Колокольня - это всегда какой-то свой мир. Между небом и землёй! Тут тебе - и голубиные птенцы, и колокола, как скорлупа, из которой вылупился Звук.
Колокольня - единственная лестница в небо, доступная нам. И мы на ней сами - как птенцы небесные, пока ещё не научившиеся летать.
- А вот этот самый большой колокол весит четыреста пятьдесят кило.
Антон с гордостью показал самый примечательный предмет в своих здешних владениях.
- А у нас в Казани, в Зилантовом монастыре, где я работаю, есть колокол - семь с половиной тонн! - так же по-мальчишески, как он, решил похвастаться и я.
- Ого! А у вас там кто звонит?
- Приходит звонарь по большим праздникам: в такой колокол, конечно, только по большим праздникам звонят.
- Ну понятно уж! - со знанием дела сказал Антон.
- А Казань - большая? - спросил он.
- Да. Миллионный город.
- У нас тоже к миллиону приближается.
- Да что ты! Насколько я знаю, в Угличе - около сорока тысяч.
- Ну, я и говорю - "приближается"! - засмеялся мальчик. - Я же не сказал, что миллион есть, я сказал "приближается"...
- Ну, разве что так! - рассмеялся и я. - Долго же ему придётся приближаться!
- Зато у нас воздух чистый, дышать полезно... - серьёзно, как пенсионер, рассуждающий о погоде, сказал Антон.
- Да... у вас здесь вообще легко дышится.
- А переезжай к нам жить. Купишь здесь домик, будешь писать свои новые книжки... Будем часто с тобой видеться.
По улыбке видно, насколько ещё чиста его душа. Почему-то... умереть за него хочется.
Я смотрел на эту улыбку, на эти детские руки, управляющиеся с колоколами, и думал, что никогда ни один архитектор не построит ничего сравнимого с тем, что строит Архитектор Небесный. Никогда ни один город со всей своей архитектурой не заменит одной пары вот таких глазёнок. Каждый мальчик, каждая девочка - важнее и красивее того города, в котором они живут. Вернее, настоящий город - это они и есть.
Углич и Царевич - это ведь почти одно и то же. Как Христос и Царство Небесное - одно. Невозможно прожить в городе несколько дней и не понять этого.
А какие-то отблески образа Царевича извечно играют на ликах угличских детей. Это же не может быть, чтоб он в них не отразился - чрез все века!
Ещё в XVII веке "умысли чин духовный и граждане, да установят празднество плащаницы Царевича месяца мая в 16 день: носите же плащаницу вокруг дворца его и младенцы подносите, яко же и царевич имел семь лет с половиною..."

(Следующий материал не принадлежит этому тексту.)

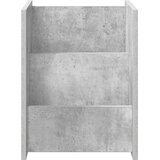  Polica za časopise s policom Betonska siva 35 x 35 x 45 cm | shoptok.hr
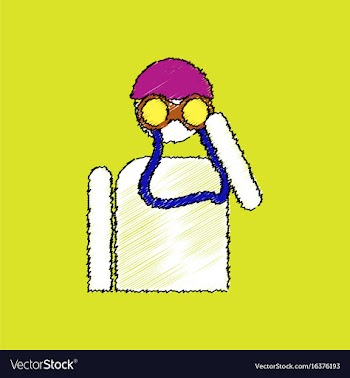 Flat shading style icon soldier with binocular vector image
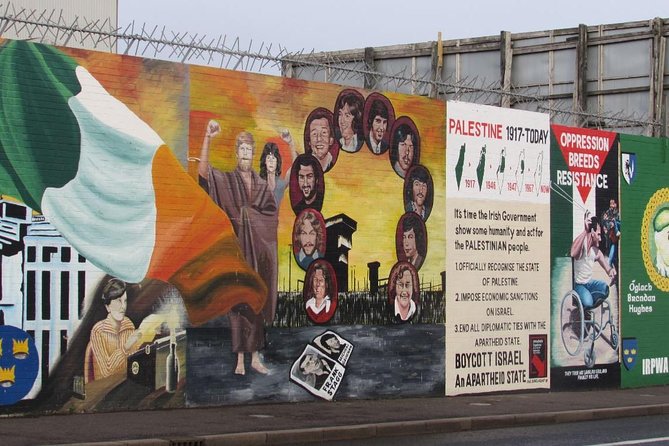 Belfast: Murals Taxi Tour - Bombay Street and the place where conflict began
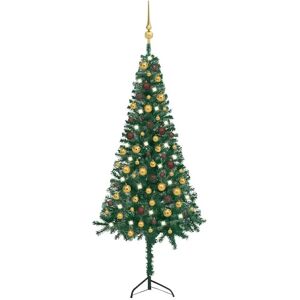 VIDAXL Kunstig hjørnejuletre med LED-lys - 150cm VIDAXL Kunstig hjørnejuletre med LED-lys - 150cm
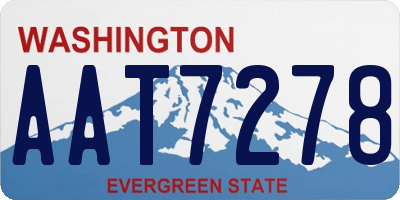 WA license plate AAT7278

"Праздник этот отличается глубоко умилительной торжественностью, - писали в XIX веке. - В этот день после литургии вокруг "царевичева дворца" с торжественным крестным ходом обносились при пении тропаря царевичу плащаница и одр, на котором святые мощи царевича были несены из Углича в Москву. Под плащаницу и одр угличские граждане все - без различия званий и состояний - почитали непременно своей обязанностью подвести или поднести своих детей, начиная с грудных и до восьмилетнего возраста. Глубокая вера, что злодейская рука убила только тело святого царевича, а святая душа предстоит престолу славы Царя Небесного, превращая день заклания - этот некогда ужаснейший день - в светло-радостный праздник - в "царевичев день"! День убиения святого царевича есть день его небесной радости, и свою небесную радость он сообщает детям, пришедшим на его праздник".
Угличское детство вообще накладывает какой-то удивительный отпечаток на дальнейшую судьбу... или как лучше сказать? На мир человека. Если человек вырос в Угличе, значит, он вырос из царевичева и из ваниного горчичного зёрнышка. Хотя бы сам этого в упор не сознавал.
Здесь, к примеру, прошло детство Ольги Берггольц и Бориса Пильняка.
Да, Берггольц... тяжёлый случай.
Её повесть 30-х годов "Углич", написанная в 22-летнем возрасте - вполне, в соответствии с временем, богоборческая:
"А Углич был табором церквей..."
"Церковь, как корабль в бурю, трещала и кренилась, и каждый монастырь казался особым враждебным государством".